Dataset Statistics Reference - Narrative I/O Knowledge Base

This page is the definitive reference for dataset statistics — the column-level metrics the platform computes, their type compatibility, and the configuration API for controlling what gets computed and when. For background on what statistics are and why they matter, see Dataset Statistics. To configure statistics through the platform UI, see the configuring dataset statistics guide.

API endpoints

Method	Path	Description
`PUT`	`/datasets/{dataset_id}/statistics-configuration`	Create or replace the statistics configuration
`GET`	`/datasets/{dataset_id}/statistics-configuration`	Retrieve the current configuration
`DELETE`	`/datasets/{dataset_id}/statistics-configuration`	Disable statistics (stop computing)

All endpoints require a Bearer token with dataset write permissions.

Configuration schema overview

A statistics configuration has four top-level fields:

{
  "defaults": { ... },       // required — global stat selection
  "refresh": { ... },        // required — when to recompute
  "dataset": { ... },        // optional — overrides for dataset columns
  "rosetta_stone": { ... }   // optional — overrides for Rosetta Stone attributes
}

`defaults` (required)

The global stat selection applied to every eligible field. Must include enabled_stats — there is no parent to inherit from at this level.

{
  "enabled_stats": ["value_count", "null_value_count", "histogram"],
  "stat_options": {
    "histogram": { "max_bins": 100, "overflow": "truncate" }
  }
}

`refresh` (required)

Controls when statistics are recomputed. Exactly one trigger type:

Trigger	Payload	Behavior
`cron`	`{ "trigger": "cron", "cron_expression": "0 0 * * *" }`	Recompute on a UTC cron schedule
`on_update`	`{ "trigger": "on_update" }`	Recompute whenever dataset data changes
`manual`	`{ "trigger": "manual" }`	Only compute on demand

`dataset` and `rosetta_stone` (optional)

Namespace-level overrides. Each namespace has:

scope — overrides defaults for all fields in this namespace
fields — per-field overrides for individual columns/attributes

At least one of scope or fields must be provided if the namespace is present.

Supported statistics

Each statistic is computed per column. The computation column shows the underlying SQL-level operation.

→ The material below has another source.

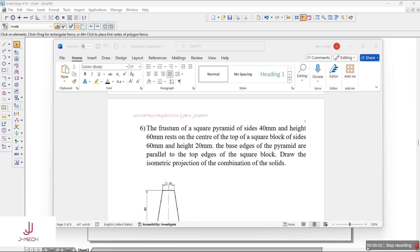Hi everyone, let's try to solve another problem on isometrical projections — it is the 6th problem. We have the question like this: the frustum of a square pyramid of side 40mm and height 60mm rests on the center of the top of a square block of sides 60mm and height 20mm. The base edges of the pyramid are parallel to the top edges of the square block. Draw the isometric projection of the combination of solids.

Stat name	Description	Computation
`value_count`	Total number of non-null values in the column	`COUNT(column)`
`null_value_count`	Number of null values in the column	`COUNT(*) - COUNT(column)`
`nan_value_count`	Number of NaN (not-a-number) values — floating-point columns only	`COUNT_IF(IS_NAN(column))`
`lower_bound`	Minimum value in the column	`MIN(column)`
`upper_bound`	Maximum value in the column	`MAX(column)`
`approx_count_distinct`	Approximate number of distinct values, using HyperLogLog for efficiency on large datasets	`APPROX_COUNT_DISTINCT(column)`
`count_distinct`	Exact number of distinct values	`COUNT(DISTINCT column)`
`histogram`	Frequency distribution of values across distinct buckets	Aggregation over value frequencies
`mean`	Arithmetic mean — numeric columns only	`AVG(column)`
`standard_deviation`	Population standard deviation — numeric columns only	`STDDEV(column)`
`completeness`	Ratio of non-null values to total rows (0 to 1)	`COUNT(column) / COUNT(*)`

approx_count_distinct and count_distinct cannot both appear in the same enabled_stats list. Choose one. See Conflicting Distinct Count Methods.

Type compatibility matrix

Not all statistics apply to all data types. The table below shows which statistics are computed for each type.

Type	Supported statistics
`DoubleType`	All 11: value_count, null_value_count, nan_value_count, approx_count_distinct, count_distinct, lower_bound, upper_bound, histogram, mean, standard_deviation, completeness
`LongType`	10 (all except nan_value_count): value_count, null_value_count, approx_count_distinct, count_distinct, lower_bound, upper_bound, histogram, mean, standard_deviation, completeness
`StringType`	8: value_count, null_value_count, approx_count_distinct, count_distinct, lower_bound, upper_bound, histogram, completeness
`TimestampTzType`	8: value_count, null_value_count, approx_count_distinct, count_distinct, lower_bound, upper_bound, histogram, completeness
`BooleanType`	6: value_count, null_value_count, approx_count_distinct, count_distinct, histogram, completeness
`ArrayType`	2: value_count, null_value_count
`ObjectType`	2: value_count, null_value_count

DoubleType is the only type that supports nan_value_count, since NaN is a floating-point concept. mean and standard_deviation are limited to numeric types (DoubleType and LongType). lower_bound and upper_bound require ordered types (numeric, timestamp, or string).

Inheritance model

The configuration uses a layered inheritance chain:

defaults → namespace scope → field override → nested node overrides

Two distinct rules apply:

1. Stat set (`enabled_stats`) — all-or-nothing replacement

When a level provides enabled_stats, it completely replaces the parent’s stat set. There is no merging.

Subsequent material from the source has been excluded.